La tension monte dans l’industrie technologique. Samsung, géant de la mémoire vive, a publié une prévision alarmante : le déficit d’offre ne s’atténuera pas avant 2027. Une annonce qui risque de se répercuter sur les prix des smartphones, ordinateurs et serveurs d’intelligence artificielle.

Une demande explosive, une offre bloquée

Une demande explosive, une offre bloquée

Le secteur de l’intelligence artificielle est le principal moteur de cette crise. La demande de mémoire vive pour alimenter les centres de données est à la fois colossale et continue de croître de manière exponentielle. Samsung anticipe une augmentation encore plus importante en 2027, alimentée par le développement incessant de ces technologies.

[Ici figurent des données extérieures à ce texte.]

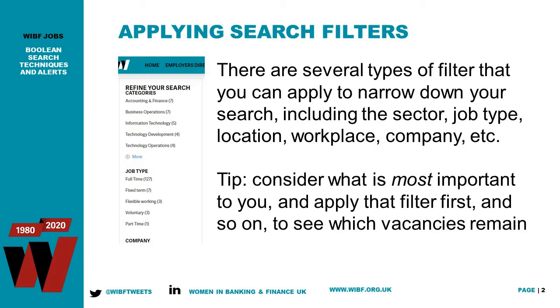I would recommend deciding which criteria is most important to you before putting your search filters in. For instance, if the role must be in London, or if you're flexible on location as long as it's a fixed-term contract and you'd be willing to travel. Identify your priorities and layer your filters on top of one another, starting with the most important.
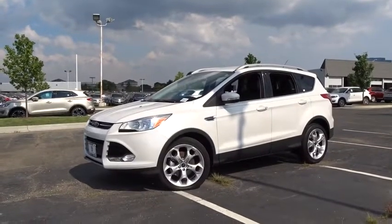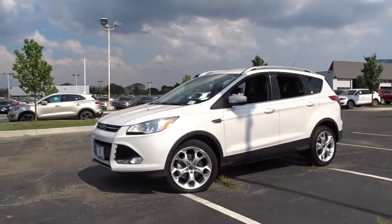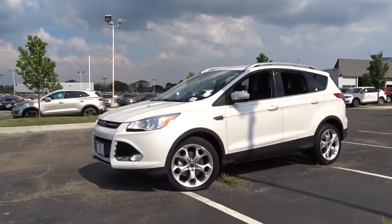The 2014 Ford Escape. Gas engines flex, tow, sip and go with Ford Escape.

Or, la production de mémoire vive est un processus long et complexe, nécessitant des investissements massifs et des délais de construction d’usines considérables. Cela signifie que l’offre ne peut pas suivre le rythme de la demande, créant un goulet d’étranglement.

Kim Jaejune, responsable de la division mémoire de Samsung, a clairement exprimé cette inquiétude : « Notre offre ne répond pas à la demande actuelle. Sur la base de la demande prévue pour 2027, l’écart entre l’offre et la demande s’élargira encore davantage que l’année dernière. » Une réalité brutale.

Le conflit social actuel avec ses employés, menaçant d’une grève de 18 jours, pourrait exacerber encore plus les problèmes de production. La pression est immense pour Samsung.

Les conséquences sont déjà visibles. Les prix des smartphones, comme le Galaxy A37 et le Galaxy A57, ont connu des hausses significatives, malgré des évolutions modestes. D'autres marques, Motorola notamment, ont également augmenté les prix de leurs modèles existants. Il est probable que les consommateurs soient confrontés à des remises de prix encore plus importantes dans un futur proche.

Il est donc judicieux de se précipiter pour acquérir de nouveaux appareils, avant que les prix ne continuent leur ascension. L’heure n’est pas à l’attente, mais à l’acquisition.